Exercise: Return all entries word for word, but drop any images.

Records supplied:

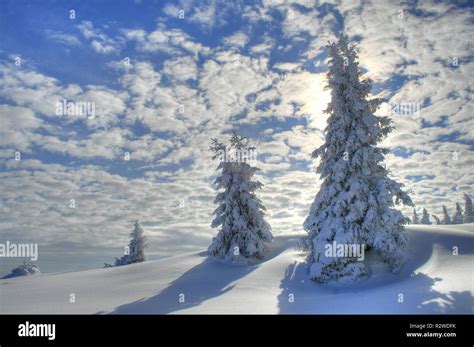 winter in the alps Stock Photo - Alamy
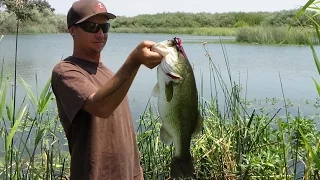 " D&M "   PUNCHING BASS ...  ON THE CALIF. DELTA !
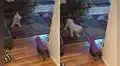 Gatito con disfraz de araña espanta a su ‘amigo’ canino y escena hace reír a usuarios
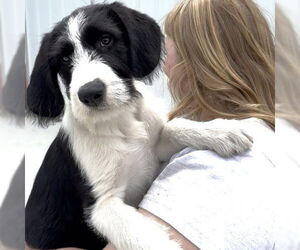 Collie-Unknown Mix Dogs for adoption in Minneapolis, MN, USA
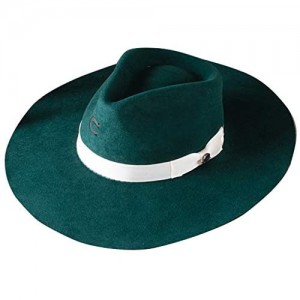 Charlie 1 Horse Green Highway Ladies Hat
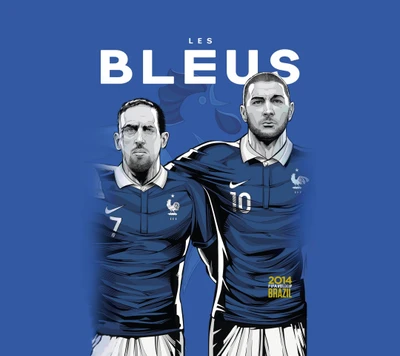 Les Bleus : Champions du Brésil 2014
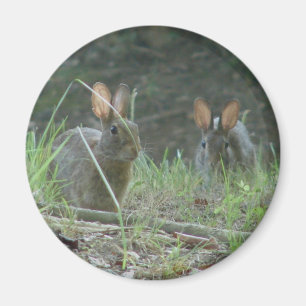 Vild Östra av kaniner Kontontail Pair Apparel Gift Magnet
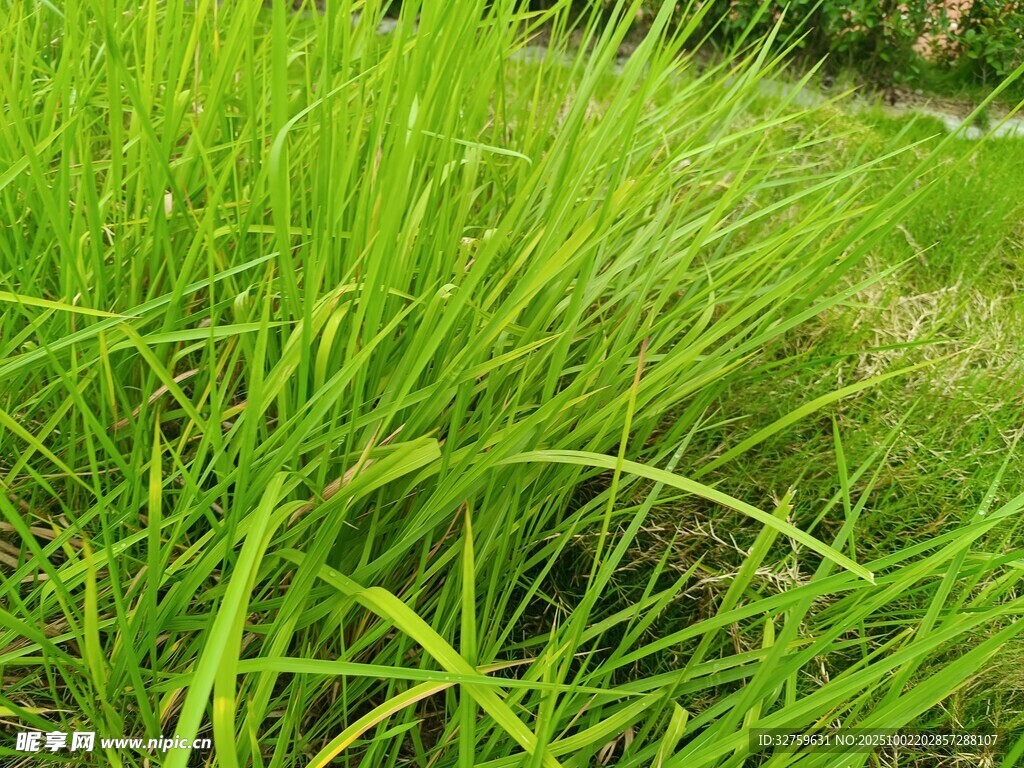 翠綠茂盛的草地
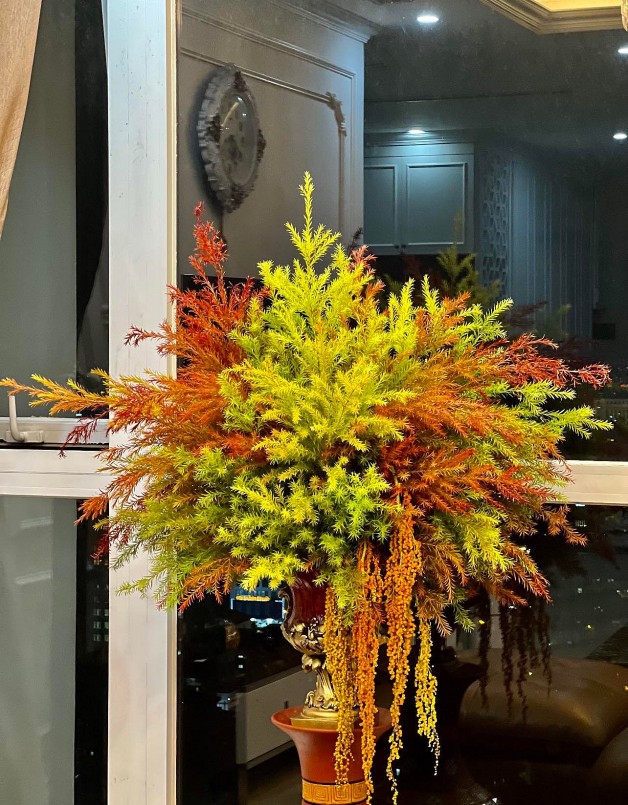 Theo chị Ngà, giá bán cành lá hoàng kim vào khoảng 200 - 300 nghìn đồng, tuỳ thuộc vào từng thời điểm.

Answer below:
 winter in the alps Stock Photo - Alamy
 " D&M "   PUNCHING BASS ...  ON THE CALIF. DELTA !
 Gatito con disfraz de araña espanta a su ‘amigo’ canino y escena hace reír a usuarios
 Collie-Unknown Mix Dogs for adoption in Minneapolis, MN, USA
 Charlie 1 Horse Green Highway Ladies Hat
 Les Bleus : Champions du Brésil 2014
 Vild Östra av kaniner Kontontail Pair Apparel Gift Magnet
 翠綠茂盛的草地
 Theo chị Ngà, giá bán cành lá hoàng kim vào khoảng 200 - 300 nghìn đồng, tuỳ thuộc vào từng thời điểm.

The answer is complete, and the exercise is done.